The Conclusion shall be from the admirable Clemency and Moderation of the King, in that howsoever these Traitors have exceeded all others their Predecessors in Mischief, and so Crescente Malitia, crescere debuit & Pæna; yet neither will the King exceed the usual Punishment of Law, nor invent any new Torture or Torment for them; but is graciously pleased to afford them as well an ordinary Course of Trial, as an ordinary Punishment, much inferior to their Offence. And surely worthy of Observation is the Punishment by Law provided and appointed for High-Treason, which we call Crimen læsæ Majestatis. For first, after a Traitor hath had his just Trial, and is convicted and attainted, he shall have his Judgement to be drawn to the place of Execution from his Prison, as being not worthy any more to tread upon the Face of the Earth whereof he was made: Also for that he hath been retrograde to Nature, therefore is he drawn backward at a Horse-Tail. And whereas God hath made the Head of Man the highest and most supreme Part, as being his chief Grace and Ornament, Pronaque cum spectent Animalia cætera terram, Os homini sublime dedit; he must be drawn with his Head declining downward, and lying so near the Ground as may be, being thought unfit to take benefit of the common Air. For which Cause also he shall be strangled, being hanged up by the Neck between Heaven and Earth, as deemed unworthy of both, or either; as likewise, that the Eyes of Men may behold, and their Hearts contemn him. Then he is to be cut down alive, and to have his Privy Parts cut off and burnt before his Face, as being unworthily begotten, and unfit to leave any Generation after him. His Bowels and inlay'd Parts taken out and burnt, who inwardly had conceived and harboured in his heart such horrible Treason. After, to have his Head cut off, which had imagined the Mischief. And lastly, his Body to be quartered, and the Quarters set up in some high and eminent Place, to the View and Detestation of Men, and to become a Prey for the Fowls of the Air.

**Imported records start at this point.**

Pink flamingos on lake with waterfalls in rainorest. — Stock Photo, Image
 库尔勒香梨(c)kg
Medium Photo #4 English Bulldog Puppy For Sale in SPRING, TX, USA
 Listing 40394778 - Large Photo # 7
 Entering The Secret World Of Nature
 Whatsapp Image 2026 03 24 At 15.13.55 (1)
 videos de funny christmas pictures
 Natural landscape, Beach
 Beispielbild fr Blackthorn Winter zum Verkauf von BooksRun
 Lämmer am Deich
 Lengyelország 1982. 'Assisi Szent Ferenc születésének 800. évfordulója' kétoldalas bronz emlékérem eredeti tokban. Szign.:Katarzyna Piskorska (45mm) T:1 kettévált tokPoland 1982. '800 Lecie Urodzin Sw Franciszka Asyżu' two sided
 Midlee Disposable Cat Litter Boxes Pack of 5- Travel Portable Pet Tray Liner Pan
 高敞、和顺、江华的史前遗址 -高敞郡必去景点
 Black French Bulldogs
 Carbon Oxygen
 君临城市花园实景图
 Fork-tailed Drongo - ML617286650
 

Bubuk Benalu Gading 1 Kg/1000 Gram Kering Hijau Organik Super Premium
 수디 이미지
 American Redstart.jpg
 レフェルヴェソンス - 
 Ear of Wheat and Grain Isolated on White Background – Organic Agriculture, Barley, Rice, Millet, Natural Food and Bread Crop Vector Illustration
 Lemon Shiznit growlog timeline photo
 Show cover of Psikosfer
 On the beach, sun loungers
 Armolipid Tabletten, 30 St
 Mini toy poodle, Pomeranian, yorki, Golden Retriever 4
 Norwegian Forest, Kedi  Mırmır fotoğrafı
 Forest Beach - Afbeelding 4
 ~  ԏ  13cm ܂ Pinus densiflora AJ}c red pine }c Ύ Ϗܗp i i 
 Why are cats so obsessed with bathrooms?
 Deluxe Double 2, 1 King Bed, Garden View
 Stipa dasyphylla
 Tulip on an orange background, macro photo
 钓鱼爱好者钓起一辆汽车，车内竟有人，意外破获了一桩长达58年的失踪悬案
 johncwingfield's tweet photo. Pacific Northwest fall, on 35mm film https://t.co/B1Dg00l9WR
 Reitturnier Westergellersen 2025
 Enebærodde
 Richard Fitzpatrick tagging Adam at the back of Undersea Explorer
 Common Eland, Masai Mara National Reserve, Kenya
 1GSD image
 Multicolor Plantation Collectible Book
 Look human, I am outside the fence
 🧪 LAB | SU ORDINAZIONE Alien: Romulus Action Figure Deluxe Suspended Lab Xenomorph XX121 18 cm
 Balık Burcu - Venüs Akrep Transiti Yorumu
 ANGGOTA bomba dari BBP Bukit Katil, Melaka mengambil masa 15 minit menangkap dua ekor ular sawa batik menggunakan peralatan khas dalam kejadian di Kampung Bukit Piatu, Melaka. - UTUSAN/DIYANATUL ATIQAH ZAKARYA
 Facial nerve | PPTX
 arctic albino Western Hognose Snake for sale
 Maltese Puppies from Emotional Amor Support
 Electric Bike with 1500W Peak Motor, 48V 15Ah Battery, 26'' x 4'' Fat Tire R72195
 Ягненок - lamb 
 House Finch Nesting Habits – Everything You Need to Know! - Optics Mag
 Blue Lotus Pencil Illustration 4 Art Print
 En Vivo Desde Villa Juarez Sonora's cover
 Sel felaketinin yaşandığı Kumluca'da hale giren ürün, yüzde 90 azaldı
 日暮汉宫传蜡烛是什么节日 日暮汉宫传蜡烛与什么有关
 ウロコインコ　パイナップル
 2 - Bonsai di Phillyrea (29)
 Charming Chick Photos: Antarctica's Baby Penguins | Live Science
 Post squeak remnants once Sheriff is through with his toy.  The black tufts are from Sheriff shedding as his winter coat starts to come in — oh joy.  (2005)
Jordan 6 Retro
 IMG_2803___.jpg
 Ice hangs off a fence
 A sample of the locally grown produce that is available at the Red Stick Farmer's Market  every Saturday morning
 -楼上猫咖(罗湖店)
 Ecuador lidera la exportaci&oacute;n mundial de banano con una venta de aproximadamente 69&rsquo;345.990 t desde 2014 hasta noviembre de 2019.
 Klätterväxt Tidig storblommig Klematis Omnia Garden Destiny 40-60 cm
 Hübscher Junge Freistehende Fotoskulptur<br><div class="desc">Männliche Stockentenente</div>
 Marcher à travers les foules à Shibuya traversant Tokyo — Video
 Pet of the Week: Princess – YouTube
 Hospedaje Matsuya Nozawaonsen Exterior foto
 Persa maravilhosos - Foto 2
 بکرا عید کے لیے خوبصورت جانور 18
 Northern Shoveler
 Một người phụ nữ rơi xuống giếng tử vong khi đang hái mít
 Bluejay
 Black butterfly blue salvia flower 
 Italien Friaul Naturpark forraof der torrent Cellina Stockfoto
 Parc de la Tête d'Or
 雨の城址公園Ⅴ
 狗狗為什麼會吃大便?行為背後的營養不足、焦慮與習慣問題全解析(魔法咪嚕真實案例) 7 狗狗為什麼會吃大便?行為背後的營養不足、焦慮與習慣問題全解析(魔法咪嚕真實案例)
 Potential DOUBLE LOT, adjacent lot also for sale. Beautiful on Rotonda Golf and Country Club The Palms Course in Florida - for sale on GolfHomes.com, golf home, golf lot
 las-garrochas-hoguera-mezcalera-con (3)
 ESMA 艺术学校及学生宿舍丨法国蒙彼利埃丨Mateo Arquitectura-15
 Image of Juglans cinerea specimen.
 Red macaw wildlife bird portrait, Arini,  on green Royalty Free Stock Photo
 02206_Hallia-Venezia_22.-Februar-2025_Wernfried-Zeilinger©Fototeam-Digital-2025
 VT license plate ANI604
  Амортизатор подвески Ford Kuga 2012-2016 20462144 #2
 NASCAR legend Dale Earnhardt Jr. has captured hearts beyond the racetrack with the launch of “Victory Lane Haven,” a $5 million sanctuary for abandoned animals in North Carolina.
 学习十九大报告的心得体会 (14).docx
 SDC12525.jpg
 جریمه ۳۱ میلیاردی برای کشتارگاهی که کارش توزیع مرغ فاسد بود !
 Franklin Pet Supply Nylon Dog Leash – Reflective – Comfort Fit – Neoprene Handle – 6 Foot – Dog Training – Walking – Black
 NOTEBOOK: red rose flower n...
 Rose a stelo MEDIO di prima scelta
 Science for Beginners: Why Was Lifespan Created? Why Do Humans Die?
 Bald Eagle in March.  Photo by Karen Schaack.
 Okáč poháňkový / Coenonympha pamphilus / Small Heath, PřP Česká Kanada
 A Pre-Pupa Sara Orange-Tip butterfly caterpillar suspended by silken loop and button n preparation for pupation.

And this is a Reward due to Traitors, whose Hearts be hardened: For that it is Physic of State and Government, to let out corrupt Blood from the Heart. But, Pænitentia vera numquam, sera sed pænitentia sera raro vera: True Repentance is indeed never too late; but late Repentance is seldom found true: Which yet I pray the merciful Lord to grant unto them, that having a Sense of their Offences, they may make a true and sincere Confession both for their Souls Health, and for the Good and Safety of the King and this State. And for the rest that are not yet apprehended, my Prayer to God is, Ut aut convertantur ne pereant, aut confundantur ne noceant; that either they may be converted, to the End they perish not, or else confounded, that they hurt not.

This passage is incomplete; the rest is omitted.